_TASK INPUTS:_
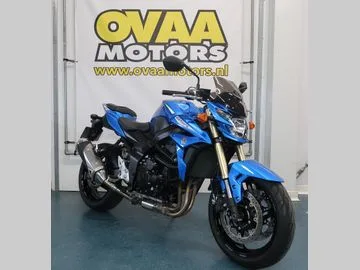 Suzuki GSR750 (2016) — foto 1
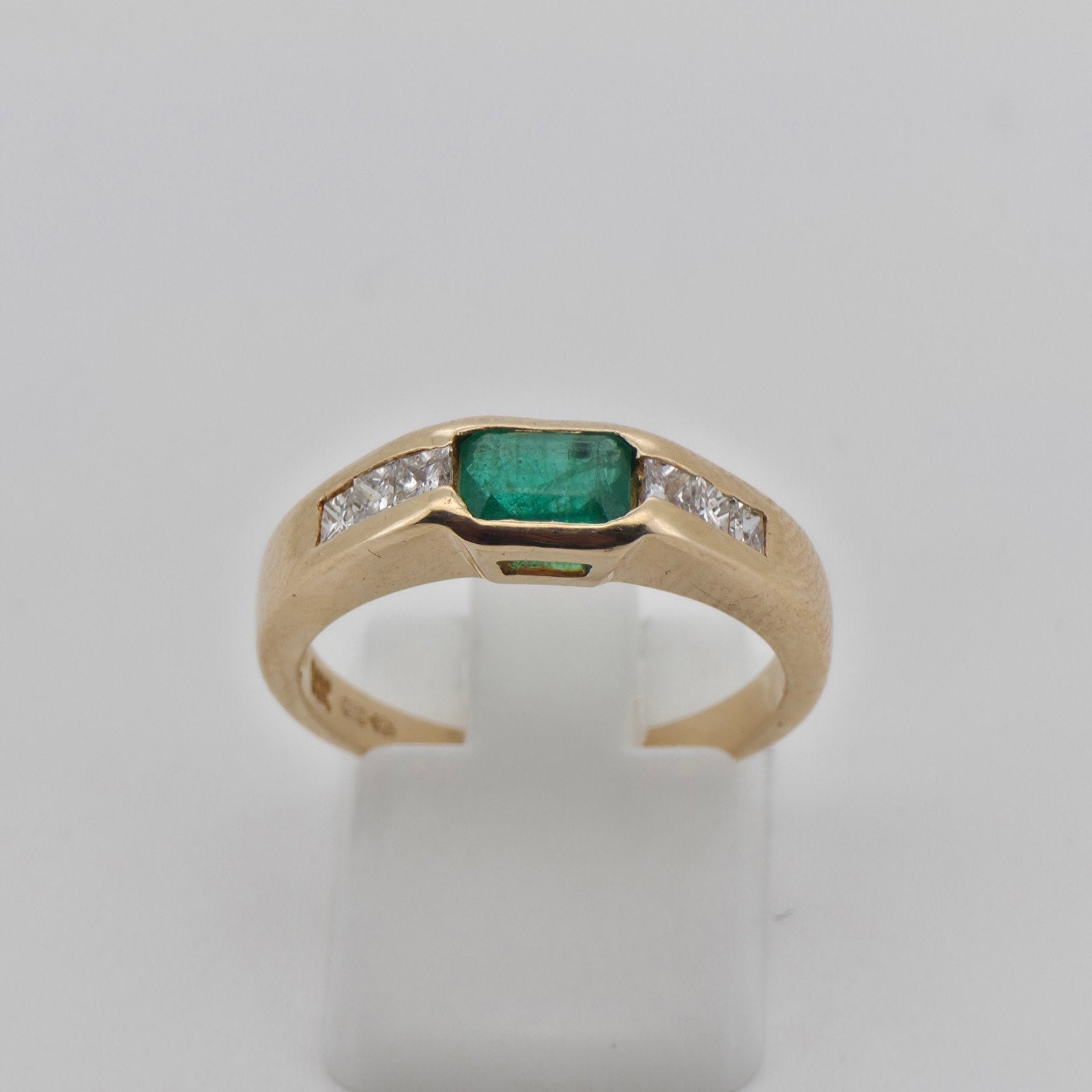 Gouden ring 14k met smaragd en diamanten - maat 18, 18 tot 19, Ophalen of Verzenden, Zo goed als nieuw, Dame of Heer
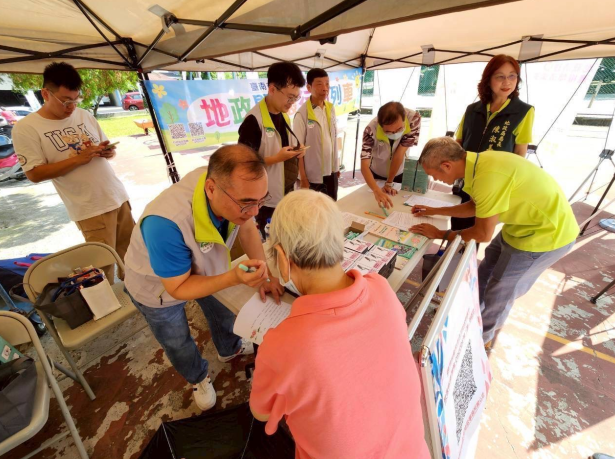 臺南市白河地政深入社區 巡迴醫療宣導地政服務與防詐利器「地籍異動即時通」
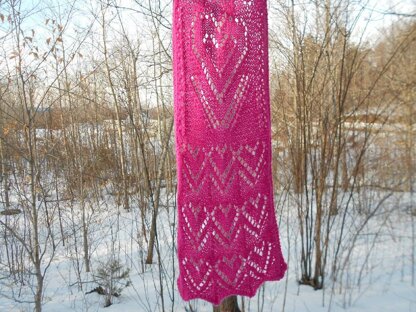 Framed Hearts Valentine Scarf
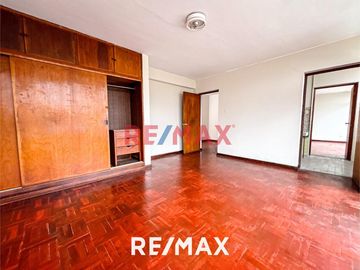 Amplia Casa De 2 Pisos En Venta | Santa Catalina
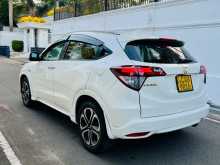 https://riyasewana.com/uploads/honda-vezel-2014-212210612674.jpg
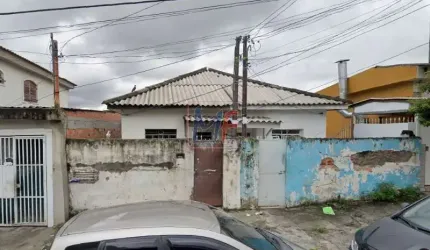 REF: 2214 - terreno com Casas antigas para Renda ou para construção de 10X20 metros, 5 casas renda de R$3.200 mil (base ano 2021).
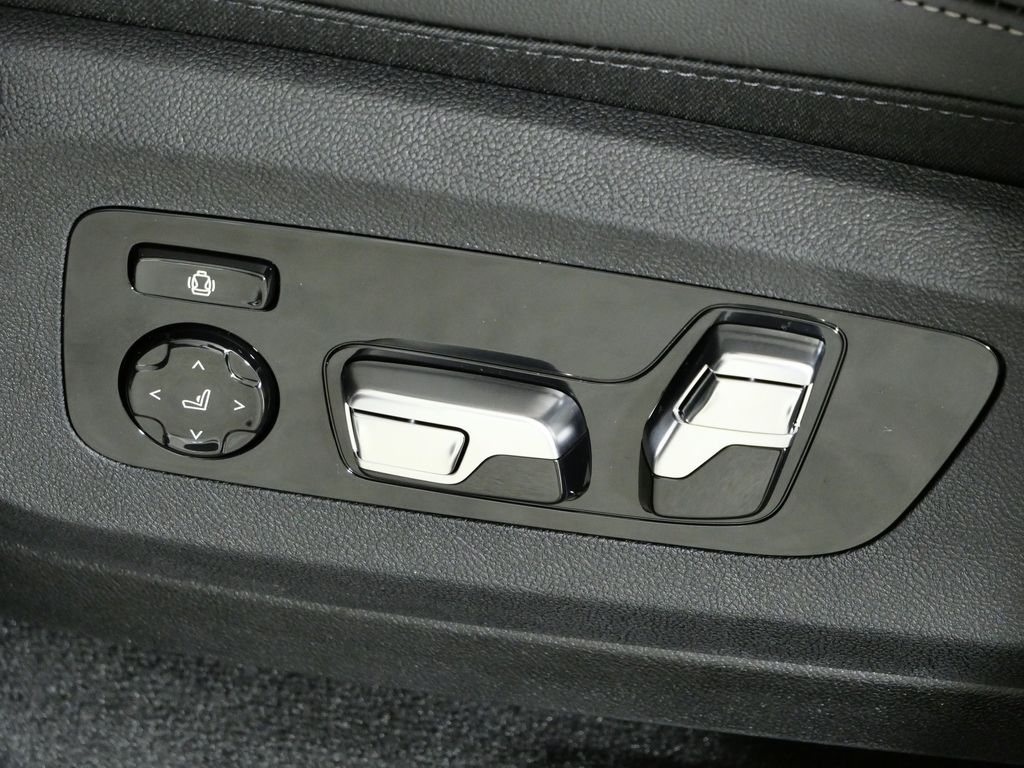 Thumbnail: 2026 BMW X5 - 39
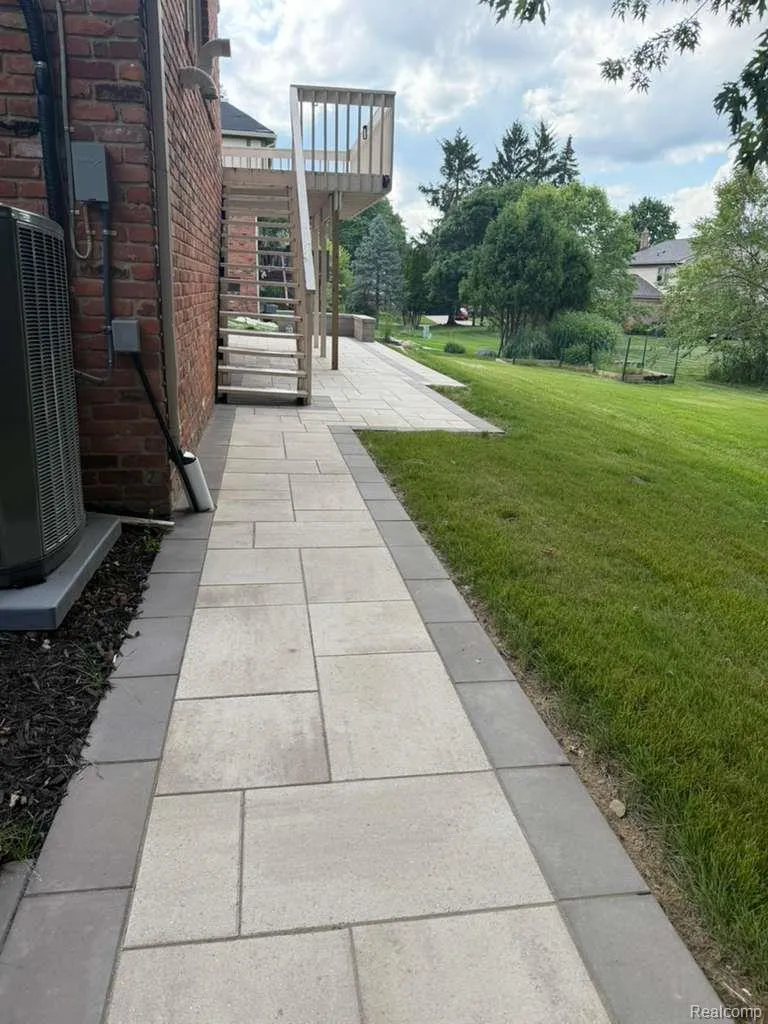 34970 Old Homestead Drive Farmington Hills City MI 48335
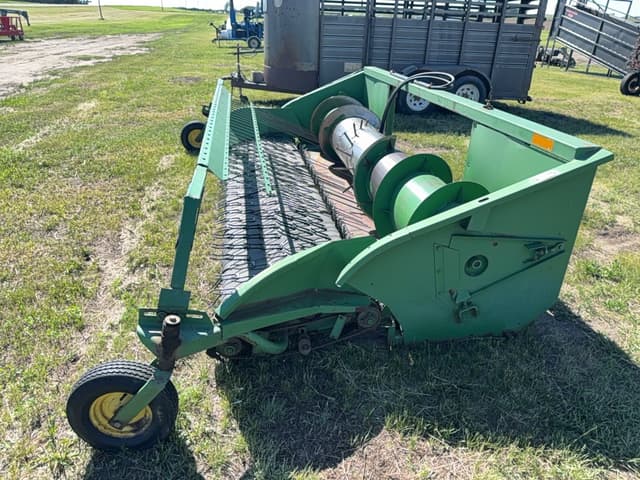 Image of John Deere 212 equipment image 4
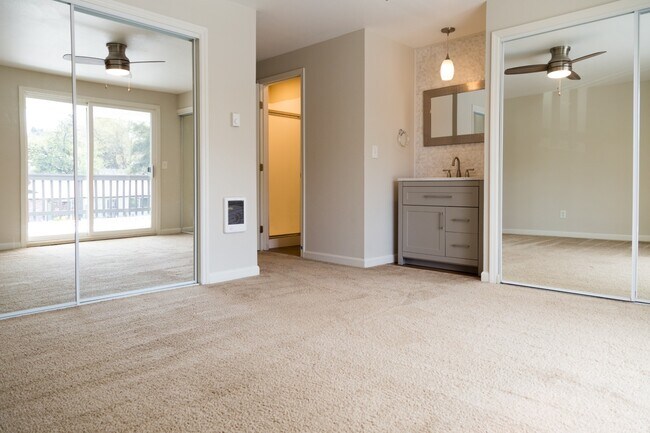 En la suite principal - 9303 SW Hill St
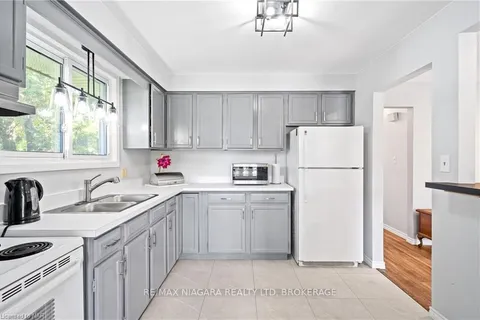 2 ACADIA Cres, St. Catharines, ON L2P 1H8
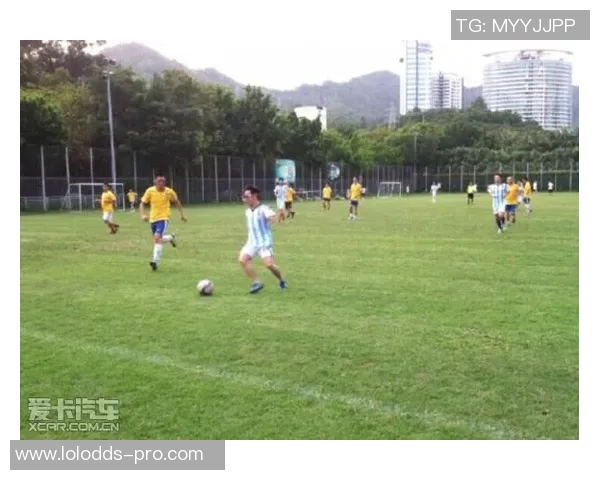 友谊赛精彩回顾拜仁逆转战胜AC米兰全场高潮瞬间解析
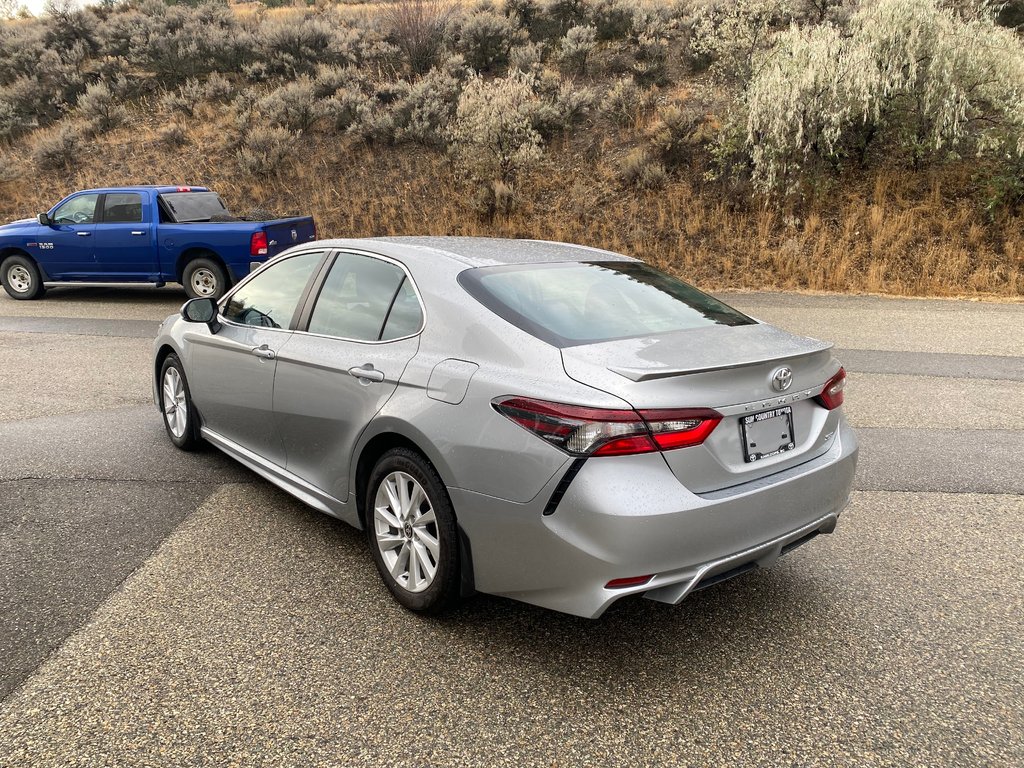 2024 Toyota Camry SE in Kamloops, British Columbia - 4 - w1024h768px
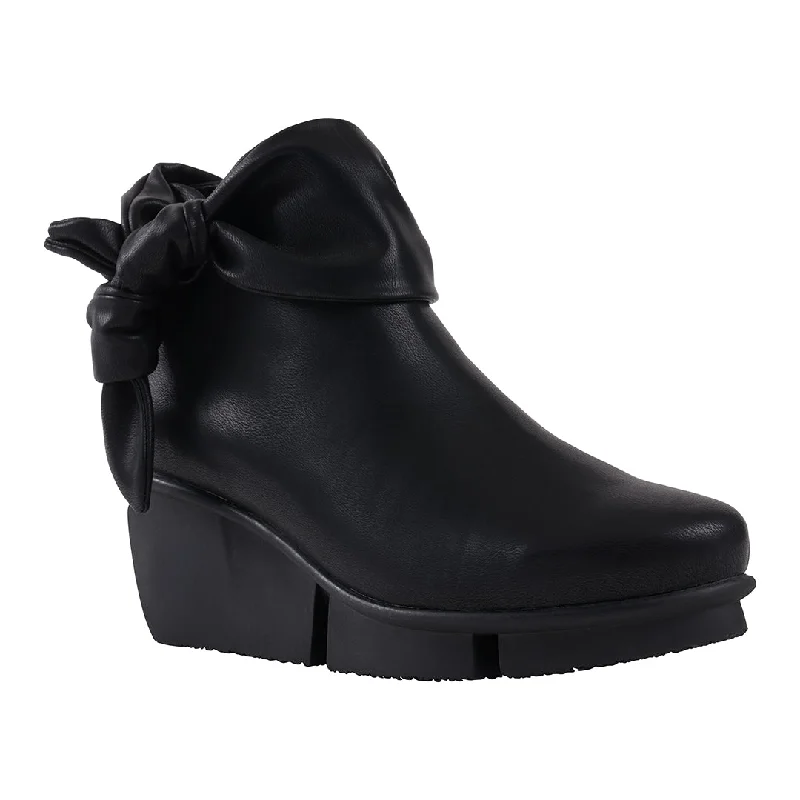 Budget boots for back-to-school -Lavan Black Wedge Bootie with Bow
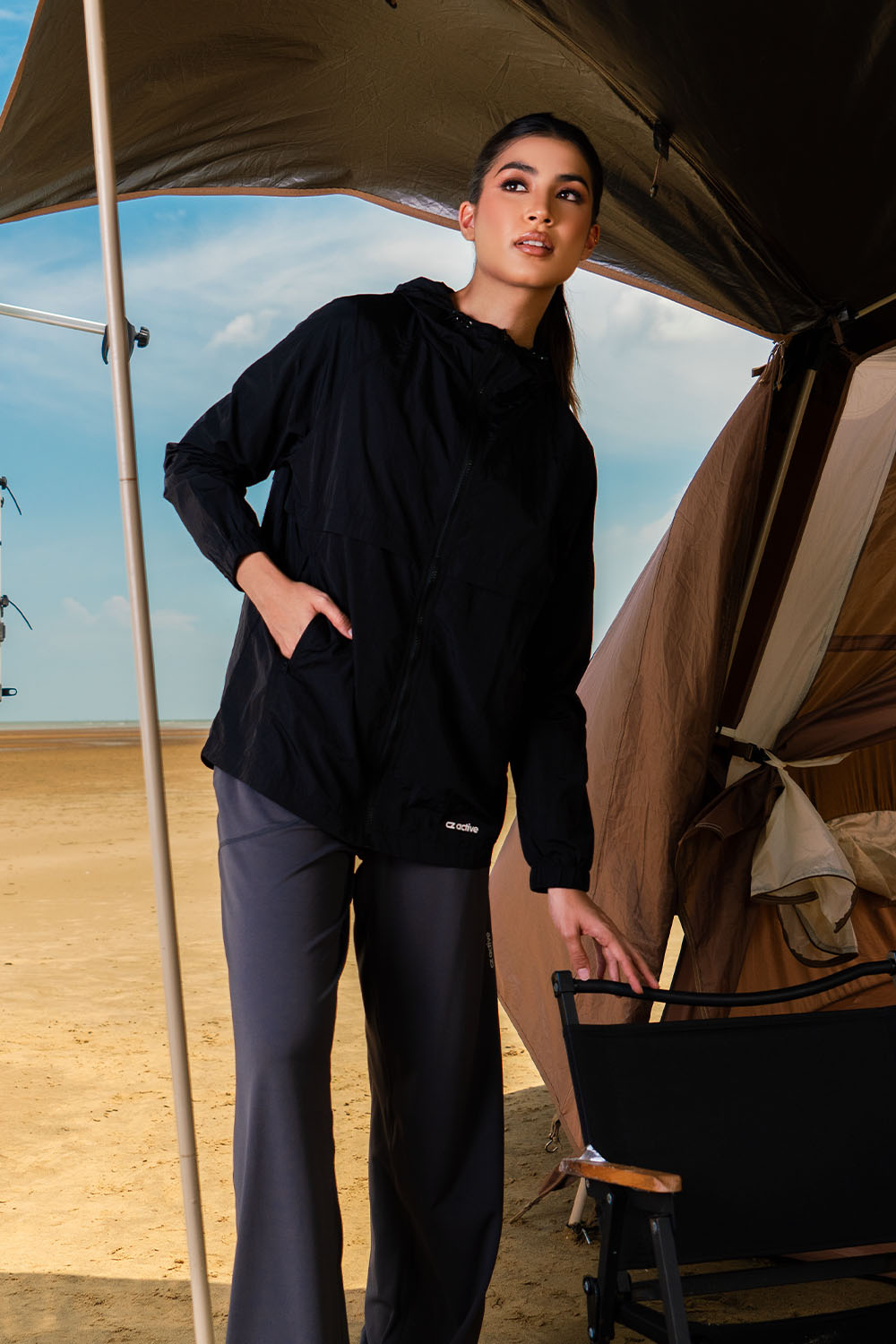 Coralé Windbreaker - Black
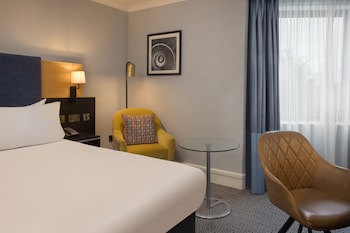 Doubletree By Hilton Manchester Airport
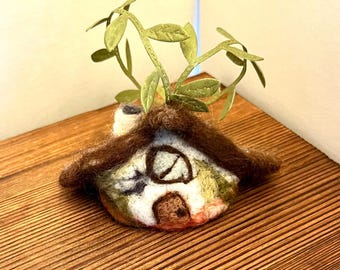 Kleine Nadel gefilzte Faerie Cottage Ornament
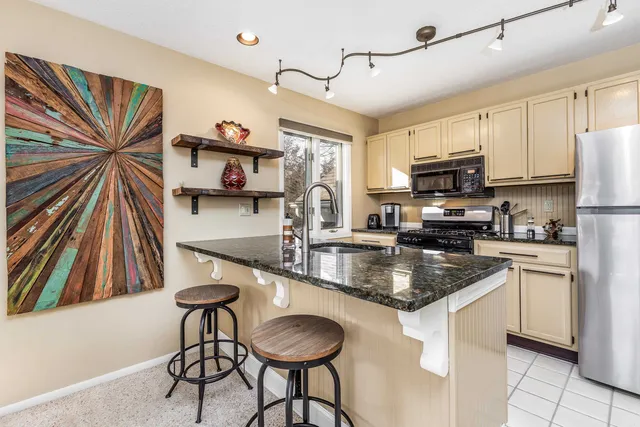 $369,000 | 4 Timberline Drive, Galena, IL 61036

_PROBLEM STATEMENT:_
Except for the pictures, copy the material above exactly.

_REPLY TO THE EXERCISE:_
 Suzuki GSR750 (2016) — foto 1
 Gouden ring 14k met smaragd en diamanten - maat 18, 18 tot 19, Ophalen of Verzenden, Zo goed als nieuw, Dame of Heer
 臺南市白河地政深入社區 巡迴醫療宣導地政服務與防詐利器「地籍異動即時通」
 Framed Hearts Valentine Scarf
 Amplia Casa De 2 Pisos En Venta | Santa Catalina
 https://riyasewana.com/uploads/honda-vezel-2014-212210612674.jpg
 REF: 2214 - terreno com Casas antigas para Renda ou para construção de 10X20 metros, 5 casas renda de R$3.200 mil (base ano 2021).
 Thumbnail: 2026 BMW X5 - 39
 34970 Old Homestead Drive Farmington Hills City MI 48335
 Image of John Deere 212 equipment image 4
 En la suite principal - 9303 SW Hill St
 2 ACADIA Cres, St. Catharines, ON L2P 1H8
 友谊赛精彩回顾拜仁逆转战胜AC米兰全场高潮瞬间解析
 2024 Toyota Camry SE in Kamloops, British Columbia - 4 - w1024h768px
 Budget boots for back-to-school -Lavan Black Wedge Bootie with Bow
 Coralé Windbreaker - Black
 Doubletree By Hilton Manchester Airport
 Kleine Nadel gefilzte Faerie Cottage Ornament
 $369,000 | 4 Timberline Drive, Galena, IL 61036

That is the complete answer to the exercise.